■ WORK TO COMPLETE ■
Copy every entry exactly, but skip the pictures.

○ ○ ○

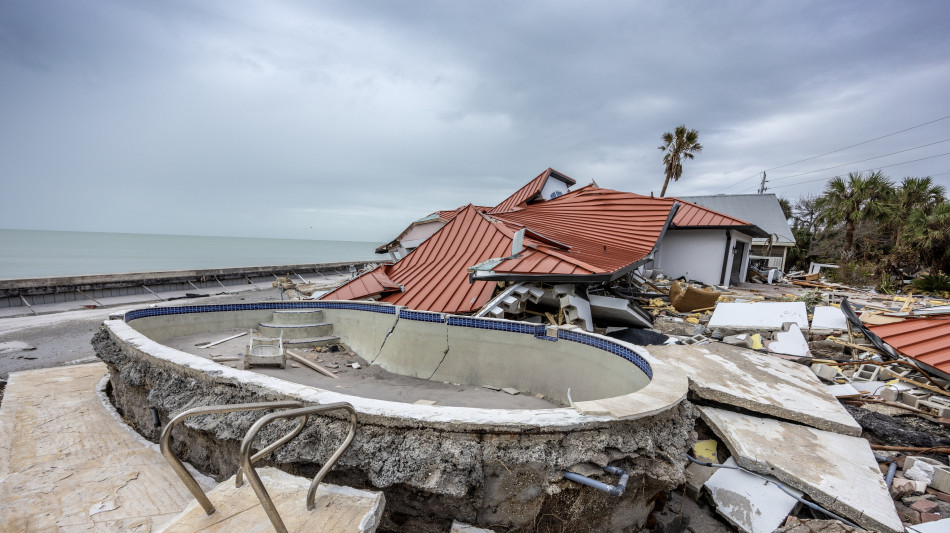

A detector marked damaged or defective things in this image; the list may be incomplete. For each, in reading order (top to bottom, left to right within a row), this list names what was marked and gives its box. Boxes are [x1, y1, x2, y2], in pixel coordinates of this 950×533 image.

broken tile [656, 342, 864, 434]
broken tile [708, 454, 804, 532]
broken tile [704, 404, 904, 532]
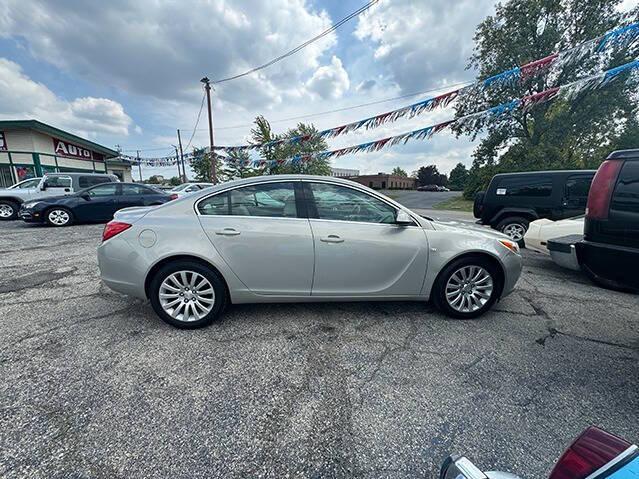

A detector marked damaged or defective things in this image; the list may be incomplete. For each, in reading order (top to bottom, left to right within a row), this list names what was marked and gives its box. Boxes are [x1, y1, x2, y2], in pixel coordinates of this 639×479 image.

cracked asphalt [0, 219, 636, 478]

○ ○ ○

■ ANSWER SECTION ■
A detector marked damaged or defective things in this image; the list may be incomplete. For each, in reading order (top to bottom, left to right within a row), this list names what was marked and gives its box. Boxes are [x1, y1, x2, y2], in pixel coordinates of this 950×533 image.

broken tile [656, 342, 864, 434]
broken tile [708, 454, 804, 532]
broken tile [704, 404, 904, 532]

A detector marked damaged or defective things in this image; the list may be incomplete. For each, in reading order (top to bottom, left to right within a row), this list names what was marked and gives its box. Boxes are [x1, y1, x2, y2], in pixel coordinates of this 639×479 image.

cracked asphalt [0, 219, 636, 478]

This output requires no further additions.